Thursday, May 5, 2016

How Accurately Does Colostrum Volume Predict Quality?

In a study involving 507 Holstein cows the study team collected colostrum measuring both the volume at first milking and the antibody concentration.

There was a very wide variation in antibody (IgG) concentration at every interval of colostrum volume. For example, at the 4-quart volume the lowest IgG concentration was approximately 15 mg/mL and the highest was 200 mg/mL. Or, at the 12-quart (3 gallons) volume the lowest value was about 40 mg/mL and highest value was 220 mg/mL.
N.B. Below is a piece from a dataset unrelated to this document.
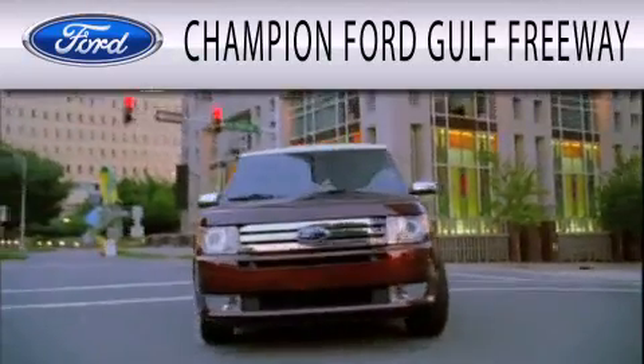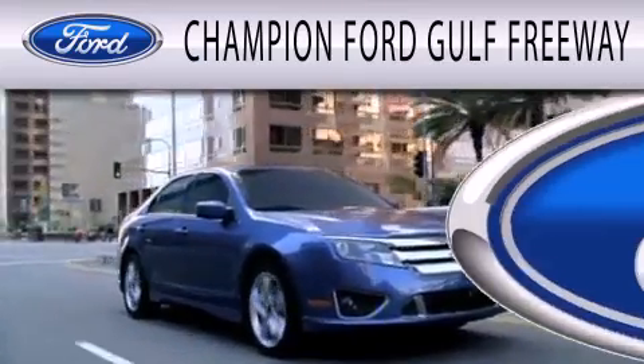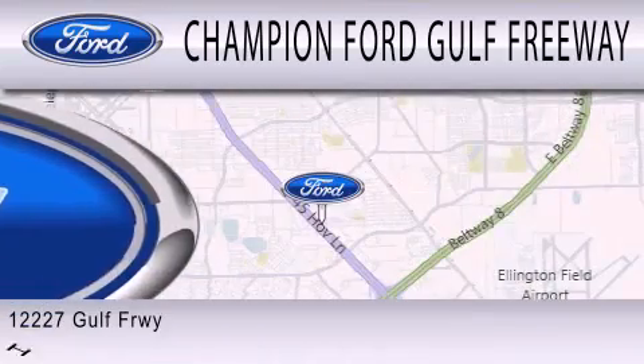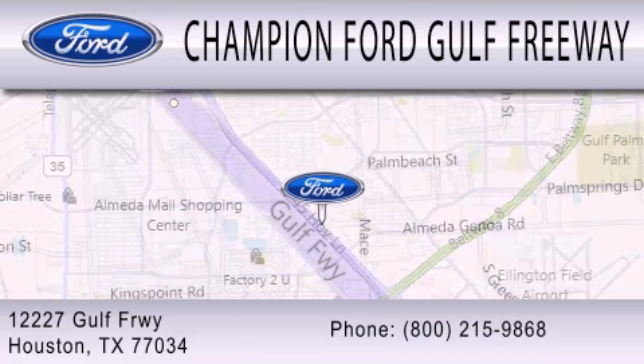Champion Ford Gulf Freeway is dedicated to doing everything possible to ensure that the experience you have selecting your next vehicle is as pleasant as possible. We are located at 12227 Gulf Freeway in Houston.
There was a measurable decrease in IgG concentration as volume increased only among cows 3rd lactation and greater. However, this relationship between volume and IgG level was dwarfed by the variation among mature cows at every level of colostrum yield. 

No connection was found between volume and concentration among 1st and 2nd lactation samples. Since in the US on average dairy herds are composed of 50 percent in lactations 1 and 2 there are a lot of dams where there is little or no connection between volume and quality

In my opinion, knowing the volume is an unreliable guide to sorting out the lowest quality colostrum. Better to measure than guess.

References: Kehoe, S. I., A.J. Heinrichs, M.L. Moody, C.M. Jones, and M.R. Long, “Comparison of immunoglobulin G concentrations in primiparous and multiparous bovine colostrum.” Professional Animal Scientist 27 (2011): 176-180. E. Hare and Others, "Survival rates and productive life of dairy cattle in US." Journal of Dairy Science 89:3713-3720.